SALERNO. Un primario ospedaliero
che «disponeva a piacimento della struttura pubblica» e operava
«prescindendo del tutto dalle liste di attesa», chiedendo agli ammalati
soldi che non gli spettavano. E un chirurgo di fama mondiale «che con la
sua presenza costituiva un riferimento rassicurante » per i pazienti ma
entrava in sala operatoria senza essere autorizzato.
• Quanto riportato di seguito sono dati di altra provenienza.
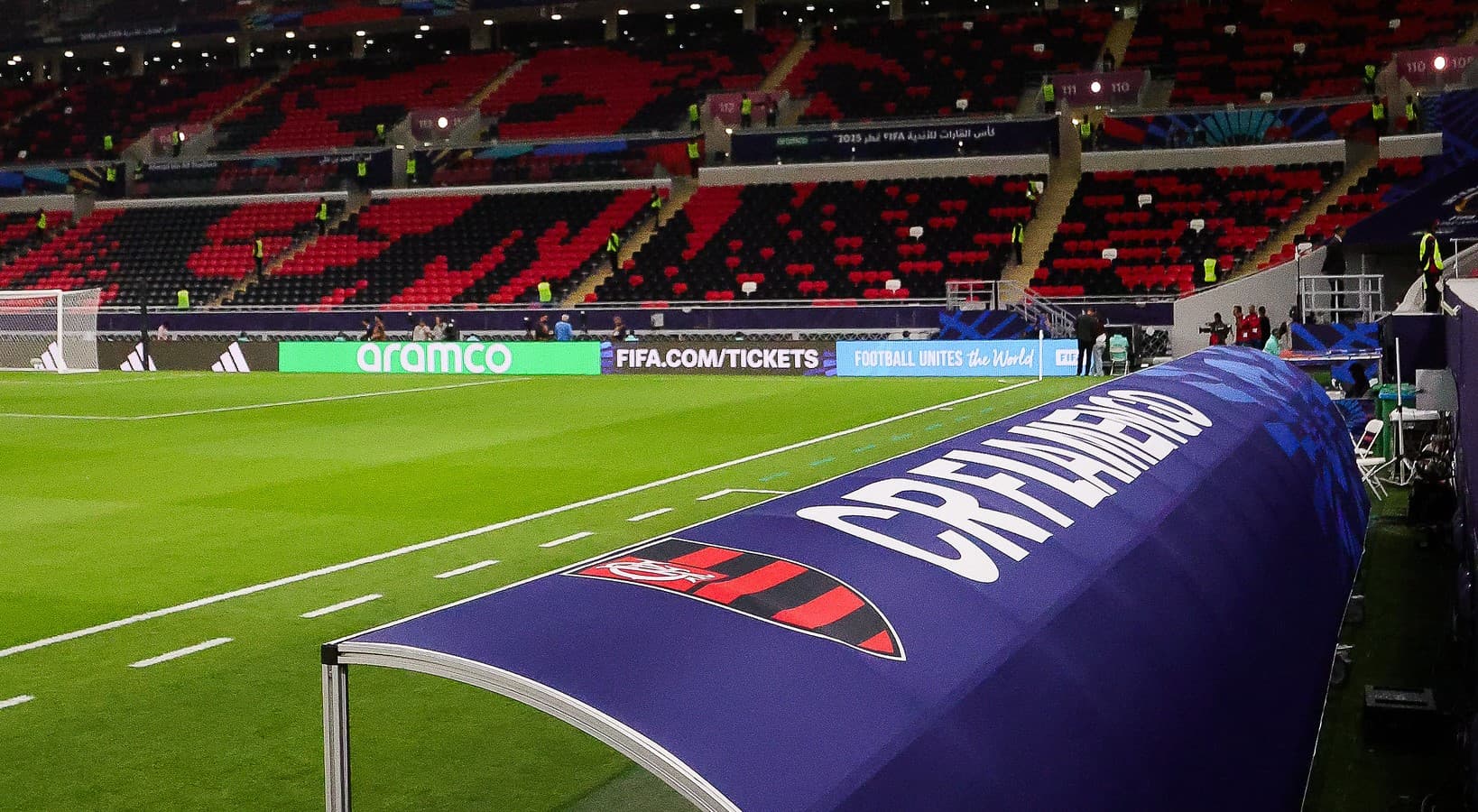 Estádio vazio antes da bola rolar para Cruz Azul x Flamengo; banco de reservas do Flamengo em destaque na imagem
Funzionava così il
reparto di Neurochirurgia dell’ospedale San Giovanni di Dio e Ruggi
d’Aragona di Salerno, a leggere le carte dell’inchiesta che ha portato
agli arresti domiciliari con l’accusa di concussione tre persone: il
primario Luciano Brigante, il medico e docente universitario a Pisa
Gaetano Liberti e la caposala Annarita Iannicelli. Per concussione è
indagato anche Takanori Fukushima, celeberrimo neurochirurgo giapponese,
lo stesso di cui un anno fa si parlò circa un presunto consulto medico
(per un tumore in realtà inesistente) per Papa Francesco, poi smentito
dalla Santa Sede. Fukushima non è stato arrestato perché, spiega il
giudice, risiede negli Usa e la misura non potrebbe essere eseguita,
inoltre non potrebbe più commettere i reati contestati.
Per nove
mesi è stato invece sospeso dall’esercizio del pubblico servizio il capo
dipartimento del settore di Neuroscienze dell’Azienda ospedaliera di
Salerno Renato Saponiero, indagato di abuso d’ufficio: pur a conoscenza
di quanto accadeva nell’ospedale, è la tesi dei magistrati non avrebbe
assunto provvedimenti né disposto accertamenti. Oggi il via agli
interrogatori, tutti gli indagati potranno replicare alle accuse. Le
indagini sono condotte dalla Procura di Salerno guidata da Corrado Lembo
con i carabinieri del Reparto operativo di Salerno, coordinati dal
colonnello Giulio Pini e diretti dal maggiore Alessandro De Vico. Il
primario Brigante avrebbe effettuato prestazioni «in apparente regime
intramoenia », senza però seguirne le procedure. E soprattutto, avrebbe
chiesto denaro, tra 1.500 e 2mila euro, per operare pazienti scavalcando
le liste di attesa. «La scelta del paziente era pagare e salvarsi la
vita o anche porre fine alle sue sofferenze, oppure non pagare e correre
il rischio di morire o continuare a soffrire », scrive il giudice
Elisabetta Boccassini. In due casi è coinvolto Fukushima, che operava a
Salerno senza essere autorizzato «e al di fuori delle ordinarie liste di
attesa». Negli altri due Liberti, allievo del luminare giapponese.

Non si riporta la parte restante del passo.